Neue Szenarien zeigen: Die Bevölkerung im Kanton Bern wächst zunächst, dürfte aber ab den 2030er-Jahren schrumpfen. Hauptgrund ist die Alterung.
Die Bevölkerung im Kanton Bern wird in den kommenden Jahren zunächst weiter wachsen, langfristig jedoch zurückgehen. Das geht aus neuen Bevölkerungsszenarien hervor, die der Regierungsrat des Kantons Bern in einer Medienmitteilung präsentiert.
Grundlage sind aktualisierte Berechnungen des Bundesamts für Statistik sowie eine Überarbeitung durch die kantonale Fachgruppe Statistik.

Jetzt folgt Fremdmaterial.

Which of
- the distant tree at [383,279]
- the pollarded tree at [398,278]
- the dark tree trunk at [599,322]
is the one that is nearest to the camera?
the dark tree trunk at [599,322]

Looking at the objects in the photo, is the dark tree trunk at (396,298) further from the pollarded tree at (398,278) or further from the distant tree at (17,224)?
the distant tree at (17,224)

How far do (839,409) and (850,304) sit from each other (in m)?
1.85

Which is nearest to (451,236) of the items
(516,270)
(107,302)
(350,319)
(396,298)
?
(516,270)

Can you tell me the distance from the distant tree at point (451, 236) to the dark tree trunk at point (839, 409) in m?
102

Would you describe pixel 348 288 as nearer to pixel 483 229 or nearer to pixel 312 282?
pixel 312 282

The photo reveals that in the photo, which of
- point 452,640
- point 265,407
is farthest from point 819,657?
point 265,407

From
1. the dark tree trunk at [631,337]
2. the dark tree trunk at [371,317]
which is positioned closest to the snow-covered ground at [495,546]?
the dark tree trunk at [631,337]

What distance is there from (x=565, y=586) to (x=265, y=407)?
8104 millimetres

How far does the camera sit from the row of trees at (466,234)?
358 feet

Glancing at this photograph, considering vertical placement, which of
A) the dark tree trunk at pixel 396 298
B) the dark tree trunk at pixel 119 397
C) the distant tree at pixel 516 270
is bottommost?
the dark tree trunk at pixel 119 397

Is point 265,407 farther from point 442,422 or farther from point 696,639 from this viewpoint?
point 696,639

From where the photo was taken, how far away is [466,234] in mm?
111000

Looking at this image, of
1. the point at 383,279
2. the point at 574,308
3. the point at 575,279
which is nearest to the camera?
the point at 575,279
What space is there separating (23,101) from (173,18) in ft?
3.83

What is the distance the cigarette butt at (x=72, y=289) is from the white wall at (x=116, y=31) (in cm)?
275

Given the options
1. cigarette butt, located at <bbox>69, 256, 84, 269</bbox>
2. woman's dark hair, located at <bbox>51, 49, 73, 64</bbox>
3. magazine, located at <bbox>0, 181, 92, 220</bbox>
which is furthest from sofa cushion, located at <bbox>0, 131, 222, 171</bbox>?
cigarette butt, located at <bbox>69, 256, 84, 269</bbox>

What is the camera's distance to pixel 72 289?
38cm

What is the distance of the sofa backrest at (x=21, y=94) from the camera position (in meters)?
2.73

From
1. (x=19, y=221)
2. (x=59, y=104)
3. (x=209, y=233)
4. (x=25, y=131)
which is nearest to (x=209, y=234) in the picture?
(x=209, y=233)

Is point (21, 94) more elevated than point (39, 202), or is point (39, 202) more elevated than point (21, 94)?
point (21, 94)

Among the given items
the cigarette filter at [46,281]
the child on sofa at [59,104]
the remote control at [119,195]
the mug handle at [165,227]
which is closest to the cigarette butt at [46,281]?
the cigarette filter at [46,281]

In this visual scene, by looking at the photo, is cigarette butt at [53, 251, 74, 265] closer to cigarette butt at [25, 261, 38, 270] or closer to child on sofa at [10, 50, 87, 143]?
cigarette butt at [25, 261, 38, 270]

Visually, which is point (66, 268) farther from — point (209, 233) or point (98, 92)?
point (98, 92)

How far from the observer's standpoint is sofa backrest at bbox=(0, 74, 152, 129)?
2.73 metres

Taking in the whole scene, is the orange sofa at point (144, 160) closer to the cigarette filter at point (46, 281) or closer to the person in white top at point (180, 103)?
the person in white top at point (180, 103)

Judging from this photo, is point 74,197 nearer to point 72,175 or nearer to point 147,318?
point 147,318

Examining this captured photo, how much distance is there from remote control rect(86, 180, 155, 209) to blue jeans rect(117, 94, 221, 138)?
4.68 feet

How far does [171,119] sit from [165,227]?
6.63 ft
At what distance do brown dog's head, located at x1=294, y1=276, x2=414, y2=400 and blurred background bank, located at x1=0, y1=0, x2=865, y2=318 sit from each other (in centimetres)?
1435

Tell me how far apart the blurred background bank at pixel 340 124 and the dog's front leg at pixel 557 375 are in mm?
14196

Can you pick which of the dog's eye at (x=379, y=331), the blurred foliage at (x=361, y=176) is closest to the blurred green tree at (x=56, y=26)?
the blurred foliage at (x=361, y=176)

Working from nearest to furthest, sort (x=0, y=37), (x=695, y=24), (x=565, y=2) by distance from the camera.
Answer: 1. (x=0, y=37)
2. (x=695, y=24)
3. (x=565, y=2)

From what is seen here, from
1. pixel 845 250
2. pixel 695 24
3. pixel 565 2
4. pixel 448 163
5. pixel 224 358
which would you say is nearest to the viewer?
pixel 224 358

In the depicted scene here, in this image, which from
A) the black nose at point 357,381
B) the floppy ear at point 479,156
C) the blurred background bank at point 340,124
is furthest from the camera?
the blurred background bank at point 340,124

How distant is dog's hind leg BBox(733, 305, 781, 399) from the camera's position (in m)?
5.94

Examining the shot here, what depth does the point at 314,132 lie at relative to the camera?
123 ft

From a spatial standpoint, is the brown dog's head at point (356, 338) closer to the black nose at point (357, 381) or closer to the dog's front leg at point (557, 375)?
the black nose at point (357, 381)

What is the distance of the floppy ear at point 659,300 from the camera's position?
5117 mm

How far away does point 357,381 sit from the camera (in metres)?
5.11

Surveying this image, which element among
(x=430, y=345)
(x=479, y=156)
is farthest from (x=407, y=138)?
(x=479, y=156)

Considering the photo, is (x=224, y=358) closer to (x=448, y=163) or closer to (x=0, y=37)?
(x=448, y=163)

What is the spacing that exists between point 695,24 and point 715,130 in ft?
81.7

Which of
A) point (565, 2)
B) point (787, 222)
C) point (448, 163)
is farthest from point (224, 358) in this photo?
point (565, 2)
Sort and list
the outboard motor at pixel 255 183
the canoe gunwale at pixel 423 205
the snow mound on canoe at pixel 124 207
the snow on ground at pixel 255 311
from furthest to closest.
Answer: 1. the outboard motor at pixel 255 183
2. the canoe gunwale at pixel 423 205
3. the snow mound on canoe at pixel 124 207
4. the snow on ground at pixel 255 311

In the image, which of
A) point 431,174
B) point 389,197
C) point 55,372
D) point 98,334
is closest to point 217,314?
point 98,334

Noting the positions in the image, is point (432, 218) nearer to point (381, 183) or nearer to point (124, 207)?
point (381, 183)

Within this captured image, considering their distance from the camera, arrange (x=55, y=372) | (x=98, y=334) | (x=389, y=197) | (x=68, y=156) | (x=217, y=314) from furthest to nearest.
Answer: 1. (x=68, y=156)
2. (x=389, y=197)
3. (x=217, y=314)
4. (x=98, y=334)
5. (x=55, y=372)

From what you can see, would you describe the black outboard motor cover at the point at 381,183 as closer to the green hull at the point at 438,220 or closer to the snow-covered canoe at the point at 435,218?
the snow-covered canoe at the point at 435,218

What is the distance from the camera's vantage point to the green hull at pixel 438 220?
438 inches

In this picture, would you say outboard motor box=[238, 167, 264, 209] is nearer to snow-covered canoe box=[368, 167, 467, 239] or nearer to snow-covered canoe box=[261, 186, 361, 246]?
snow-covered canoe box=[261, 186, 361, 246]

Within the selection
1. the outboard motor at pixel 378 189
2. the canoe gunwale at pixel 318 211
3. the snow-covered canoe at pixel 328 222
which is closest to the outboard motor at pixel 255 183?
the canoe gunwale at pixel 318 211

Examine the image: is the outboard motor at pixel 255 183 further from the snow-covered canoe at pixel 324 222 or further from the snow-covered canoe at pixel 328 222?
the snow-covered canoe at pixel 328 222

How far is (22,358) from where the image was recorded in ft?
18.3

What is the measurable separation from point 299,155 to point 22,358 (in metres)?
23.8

Wachstum flacht ab und kehrt sich um
Demnach verlangsamt sich das Wachstum ab etwa 2030 deutlich. Ab 2038 wird ein Bevölkerungsrückgang erwartet. Im Vergleich zu anderen Kantonen fällt das Wachstum insgesamt unterdurchschnittlich aus. Seit den letzten Szenarien aus dem Jahr 2020 hat sich die Tendenz zur Schrumpfung verstärkt.

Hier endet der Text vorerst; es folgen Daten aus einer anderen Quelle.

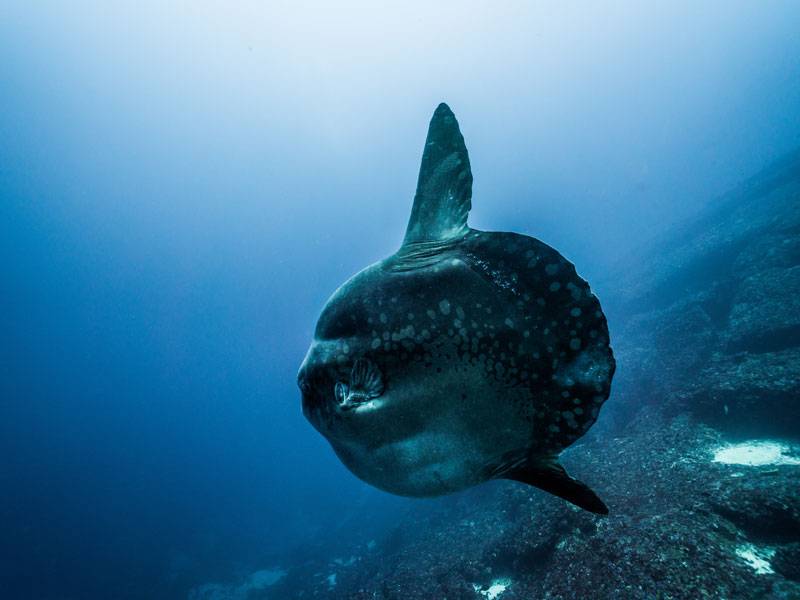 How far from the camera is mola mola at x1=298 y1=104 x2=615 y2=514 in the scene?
4.71 ft

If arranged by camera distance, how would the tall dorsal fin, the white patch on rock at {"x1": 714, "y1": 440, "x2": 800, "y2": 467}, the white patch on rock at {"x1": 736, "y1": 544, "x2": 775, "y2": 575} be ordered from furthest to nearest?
the white patch on rock at {"x1": 714, "y1": 440, "x2": 800, "y2": 467}
the white patch on rock at {"x1": 736, "y1": 544, "x2": 775, "y2": 575}
the tall dorsal fin

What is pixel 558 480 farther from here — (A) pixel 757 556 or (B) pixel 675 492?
(B) pixel 675 492

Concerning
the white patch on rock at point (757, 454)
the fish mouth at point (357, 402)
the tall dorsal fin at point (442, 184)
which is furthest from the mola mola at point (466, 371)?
the white patch on rock at point (757, 454)

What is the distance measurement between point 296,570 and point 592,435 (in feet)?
65.2

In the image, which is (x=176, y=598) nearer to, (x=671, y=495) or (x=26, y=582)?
(x=26, y=582)

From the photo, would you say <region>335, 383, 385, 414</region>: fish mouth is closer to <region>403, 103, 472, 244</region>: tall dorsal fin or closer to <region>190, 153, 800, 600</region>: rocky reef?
<region>403, 103, 472, 244</region>: tall dorsal fin

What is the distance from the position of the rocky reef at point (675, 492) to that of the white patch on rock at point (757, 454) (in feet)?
0.12

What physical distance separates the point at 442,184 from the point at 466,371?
1142mm

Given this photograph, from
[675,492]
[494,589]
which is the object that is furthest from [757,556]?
[494,589]

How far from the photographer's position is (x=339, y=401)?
152cm

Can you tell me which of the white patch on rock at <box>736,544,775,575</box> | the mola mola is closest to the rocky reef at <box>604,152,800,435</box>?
the white patch on rock at <box>736,544,775,575</box>

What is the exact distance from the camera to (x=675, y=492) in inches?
242

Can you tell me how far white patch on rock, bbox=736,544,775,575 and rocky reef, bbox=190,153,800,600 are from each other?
17 millimetres

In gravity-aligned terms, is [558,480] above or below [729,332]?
above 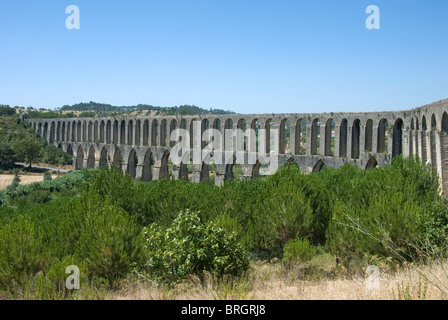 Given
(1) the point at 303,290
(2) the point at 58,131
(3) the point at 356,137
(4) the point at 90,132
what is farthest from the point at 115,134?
(1) the point at 303,290

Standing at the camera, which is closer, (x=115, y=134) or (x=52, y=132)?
(x=115, y=134)

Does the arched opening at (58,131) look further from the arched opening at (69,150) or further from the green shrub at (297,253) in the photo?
the green shrub at (297,253)

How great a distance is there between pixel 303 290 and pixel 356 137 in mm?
20703

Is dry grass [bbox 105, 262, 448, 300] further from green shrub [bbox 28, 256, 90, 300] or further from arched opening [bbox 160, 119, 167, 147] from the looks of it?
arched opening [bbox 160, 119, 167, 147]

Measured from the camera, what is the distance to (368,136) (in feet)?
85.6

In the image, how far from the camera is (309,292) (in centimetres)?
752

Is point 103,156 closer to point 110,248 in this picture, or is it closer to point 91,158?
point 91,158

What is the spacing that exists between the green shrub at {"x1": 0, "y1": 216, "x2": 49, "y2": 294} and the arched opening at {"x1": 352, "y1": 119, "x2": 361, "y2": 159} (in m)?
20.9

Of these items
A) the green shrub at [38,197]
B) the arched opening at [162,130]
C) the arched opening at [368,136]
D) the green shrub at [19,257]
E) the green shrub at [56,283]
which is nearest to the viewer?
the green shrub at [56,283]

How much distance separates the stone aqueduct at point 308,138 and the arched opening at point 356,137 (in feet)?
0.20

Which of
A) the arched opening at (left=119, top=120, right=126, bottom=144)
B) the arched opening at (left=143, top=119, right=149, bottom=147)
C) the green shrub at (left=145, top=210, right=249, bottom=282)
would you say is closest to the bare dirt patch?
the arched opening at (left=119, top=120, right=126, bottom=144)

Alterung als zentraler Treiber
Ein zentraler Faktor ist die Alterung der Bevölkerung. Die Zahl älterer Menschen nimmt stark zu. Gleichzeitig dürfte der Geburtenüberschuss spätestens bis 2035 negativ werden. Das bedeutet, dass mehr Menschen sterben als geboren werden. Natürliches Bevölkerungswachstum fällt damit weg. Künftige Entwicklungen hängen laut Bericht stark von der internationalen Zuwanderung ab. Auch die interkantonale Wanderung wird negativ eingeschätzt.
Bevölkerungsrückgang unter anderem im Obersimmental-Saanen erwartet
Die Entwicklung verläuft regional unterschiedlich. Gemäss Referenzszenario wachsen insbesondere die Verwaltungskreise Biel/Bienne, Seeland und Interlaken-Oberhasli. Auch Bern- Mittelland und Oberaargau verzeichnen leichte Zunahmen. In den übrigen Regionen wird hingegen mit einem Rückgang gerechnet, somit auch im Verwaltungskreis Obersimmental-Saanen.

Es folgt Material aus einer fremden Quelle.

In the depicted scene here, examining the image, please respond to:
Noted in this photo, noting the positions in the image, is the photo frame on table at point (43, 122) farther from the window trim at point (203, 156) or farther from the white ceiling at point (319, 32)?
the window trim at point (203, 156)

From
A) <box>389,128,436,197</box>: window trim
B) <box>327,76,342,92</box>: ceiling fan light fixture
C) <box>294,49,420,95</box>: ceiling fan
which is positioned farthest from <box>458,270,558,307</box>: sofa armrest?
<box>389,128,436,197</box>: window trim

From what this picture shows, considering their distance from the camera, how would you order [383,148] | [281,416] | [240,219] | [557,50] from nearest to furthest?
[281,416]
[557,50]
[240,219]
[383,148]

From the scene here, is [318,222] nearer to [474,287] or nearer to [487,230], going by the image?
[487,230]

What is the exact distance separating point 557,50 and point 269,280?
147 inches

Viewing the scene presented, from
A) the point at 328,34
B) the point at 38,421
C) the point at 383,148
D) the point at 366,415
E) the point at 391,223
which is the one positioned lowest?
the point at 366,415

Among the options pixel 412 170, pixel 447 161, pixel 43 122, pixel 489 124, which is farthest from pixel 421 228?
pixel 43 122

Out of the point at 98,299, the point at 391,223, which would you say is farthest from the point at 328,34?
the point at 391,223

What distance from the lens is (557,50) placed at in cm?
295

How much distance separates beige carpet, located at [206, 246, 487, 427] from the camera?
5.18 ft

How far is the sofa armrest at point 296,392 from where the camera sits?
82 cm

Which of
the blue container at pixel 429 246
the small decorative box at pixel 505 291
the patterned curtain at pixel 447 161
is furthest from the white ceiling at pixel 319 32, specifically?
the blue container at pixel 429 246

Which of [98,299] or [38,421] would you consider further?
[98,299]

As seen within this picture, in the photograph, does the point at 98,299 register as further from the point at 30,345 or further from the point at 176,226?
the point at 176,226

Der deutliche Anstieg der über 65und über 80-Jährigen zeigt sich in allen Regionen. Diese Entwicklung stellt Verwaltung und Politik vor Herausforderungen, etwa in den Bereichen Gesundheit, Pflege und Infrastruktur. Konkrete Auswirkungen werden in der Medienmitteilung jedoch nicht weiter ausgeführt.
Grundlage für Planungen
Der Regierungsrat sieht die Szenarien als wichtige Grundlage für künftige Planungen. Die Daten sollen Behörden und weiteren Akteuren helfen, strategische Entscheide zu treffen. Die Fachgruppe Statistik will die Entwicklung weiterhin beobachten und die Szenarien bei Bedarf anpassen.